Data excerpt Start Marker
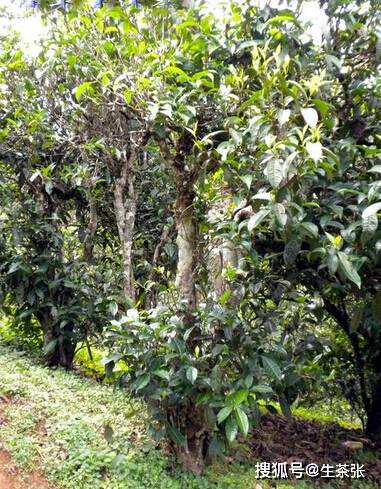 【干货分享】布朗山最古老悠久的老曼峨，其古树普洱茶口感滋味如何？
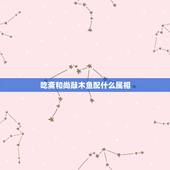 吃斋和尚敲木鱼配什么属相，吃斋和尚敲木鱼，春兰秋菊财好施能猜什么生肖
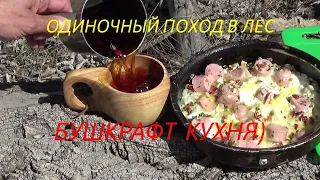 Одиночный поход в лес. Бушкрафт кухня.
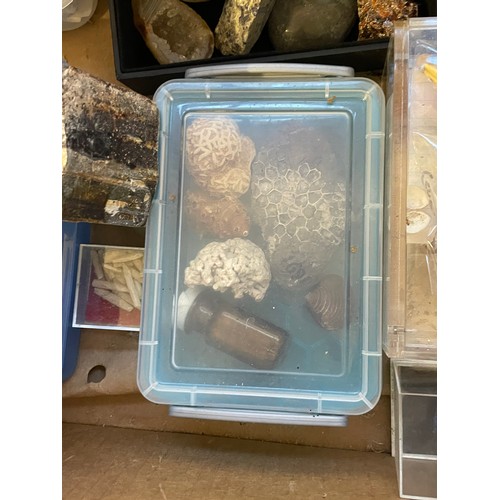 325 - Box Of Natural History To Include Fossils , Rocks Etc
Data excerpt End Marker
## [Exercise]
Nothing but the lines from the one containing "吃斋和尚敲木鱼配什么属相，吃斋和尚敲木鱼，春兰秋菊财好施能猜什么生肖" through the last line of the material may appear in the answer, transcribed exactly and with no pictures.

## [Answer below]
 吃斋和尚敲木鱼配什么属相，吃斋和尚敲木鱼，春兰秋菊财好施能猜什么生肖
 Одиночный поход в лес. Бушкрафт кухня.
 325 - Box Of Natural History To Include Fossils , Rocks Etc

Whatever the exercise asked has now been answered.